▶ _DATA PROVIDED_
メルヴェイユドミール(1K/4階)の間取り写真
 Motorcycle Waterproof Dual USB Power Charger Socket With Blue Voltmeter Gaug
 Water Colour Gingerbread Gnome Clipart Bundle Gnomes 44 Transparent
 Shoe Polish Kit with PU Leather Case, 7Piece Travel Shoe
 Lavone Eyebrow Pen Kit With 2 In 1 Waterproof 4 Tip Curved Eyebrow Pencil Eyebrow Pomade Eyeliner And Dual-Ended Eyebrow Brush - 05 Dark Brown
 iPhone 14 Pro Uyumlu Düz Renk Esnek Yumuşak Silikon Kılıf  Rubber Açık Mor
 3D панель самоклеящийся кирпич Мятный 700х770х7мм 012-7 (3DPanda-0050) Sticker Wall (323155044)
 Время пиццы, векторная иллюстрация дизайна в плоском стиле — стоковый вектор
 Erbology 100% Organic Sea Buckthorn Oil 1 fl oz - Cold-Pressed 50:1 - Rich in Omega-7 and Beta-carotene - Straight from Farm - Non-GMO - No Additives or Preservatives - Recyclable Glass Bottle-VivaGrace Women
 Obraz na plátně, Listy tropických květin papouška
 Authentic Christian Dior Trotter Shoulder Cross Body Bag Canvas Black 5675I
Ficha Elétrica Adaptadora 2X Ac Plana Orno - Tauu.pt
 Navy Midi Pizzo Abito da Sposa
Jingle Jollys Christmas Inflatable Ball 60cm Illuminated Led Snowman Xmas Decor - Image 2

▶ _WORK TO BE COMPLETED_
Determine how many lines of the entries above carry the string "Waterproof", and give that number alone.

▶ _YOUR SOLUTION_
2